With this blog post, we present the steps we have taken so far and our plans for approaching the rest of this big task.
One of the first steps was to fill the role of "editor" as laid out in the RFC. The responsibility of coordination and editing of the specification is purposely delegated to the Rust Foundation, to ensure continuity of the work.
As part of the hiring effort for this role by the Foundation, we interviewed a few interested candidates with relevant experience. Because an offer to a candidate was eventually rejected, the Foundation opted to consider internal options as an alternative. The Foundation's Director of Technology, Joel, came forward as a willing candidate for the position as part of his existing job. Eric, Felix, and Mara were quickly on board with the idea of having Joel as the Specification Editor due to his vast experience with industry standards and technical editing and his proximity to the Rust project.
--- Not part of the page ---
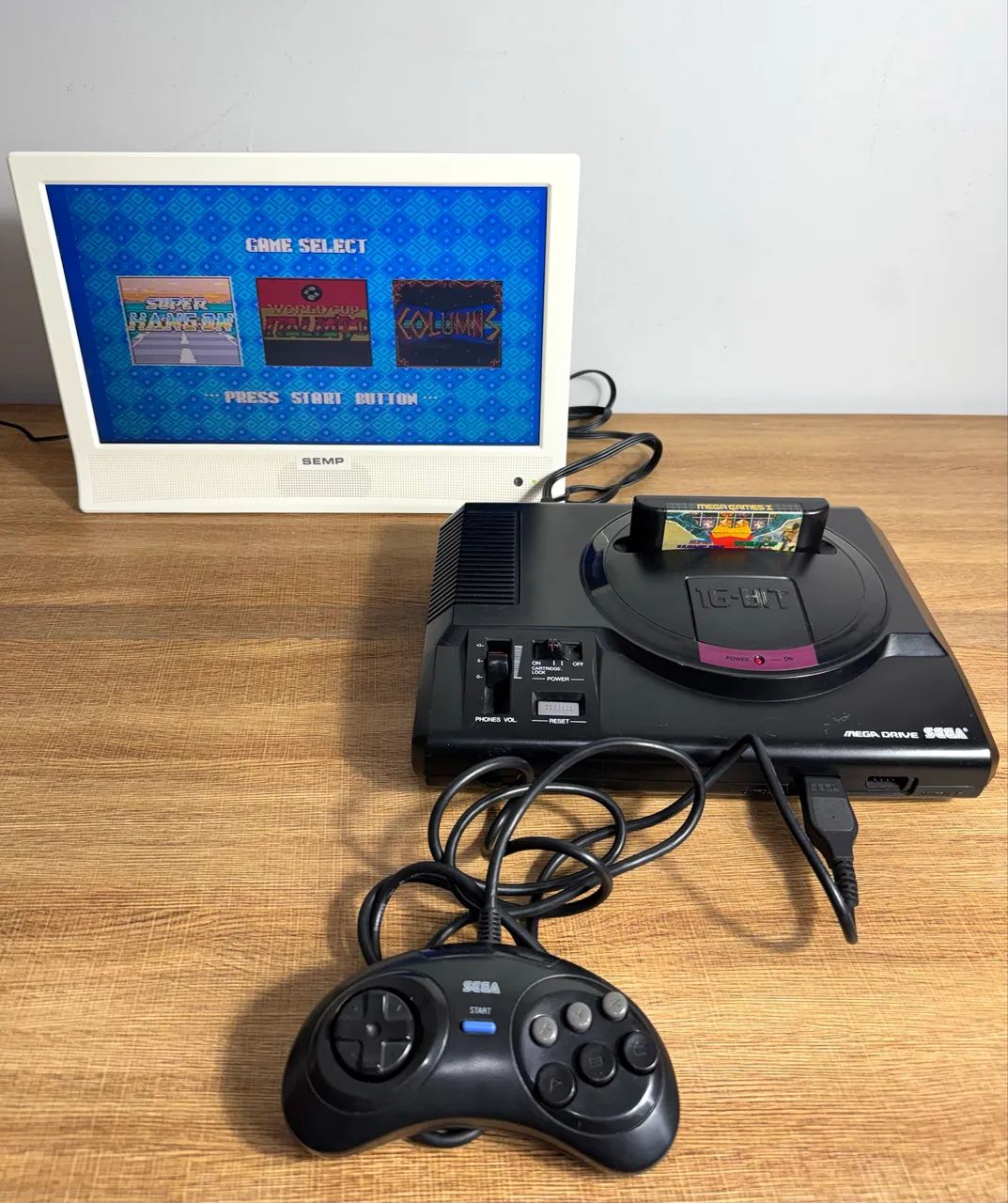 Sega mega drive 16 bits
Since the editor will not be doing the work alone, we are forming a team around the specification work, the Specification Team, as a subteam of the language team.
Initially, its members are:
- Felix Klock (team lead)
- Mara Bos (team lead)
- Joel Marcey (team member, editor)
- Eric Huss (team member)
We will select and maintain a list of stakeholders, a selection of both experts and consumers of the specification, who will serve as advisors and reviewers.
Initially, the stakeholders will consist of:
- All members of the Rust language team
- One or more representatives from the types team
- One or more representatives from the operational semantics team
- One or more representatives from Ferrocene (High Assurance/Availability, e.g. Automotive Industry.)
- One or more representatives from Formal Methods Research and Development
- One or more representatives from Operating System Development (Rust for Linux; Microsoft)
Authority and Approval
While the specification team is in charge of writing and editing the specification, the authority over definition of the Rust language remains with the relevant teams, such as the language team and the library API team. Those teams are expected to involve other teams/subteams when necessary, such as by filing issues, nominating issues for discussion, and requesting FCP approval on critical decisions.
To allow the specification team to produce content and iterate on it without being blocked by approval processes, we will be working on a draft specification in our work repository. With the help of some tooling, we will publicly keep track of which items still require team approval, and which items have open concerns from stakeholders.
We will categorize all changes as either a minor or a major change. Minor changes are items that appear uncontroversial or trivial to the specification team. For example, changes that were already approved by the language team via FCP, typographic and grammar fixes, clarifications where the original intent is clear, and similar unexciting changes. Major changes are those that are potentially questionable, important, or controversial. Any member of the specification team and the relevant authoritative team(s) and any specification stakeholder can flag a change as major. Major changes to the specification will have to go through the usual approval process (e.g. language FCP) before they may appear in a published (non-draft) version of the specification.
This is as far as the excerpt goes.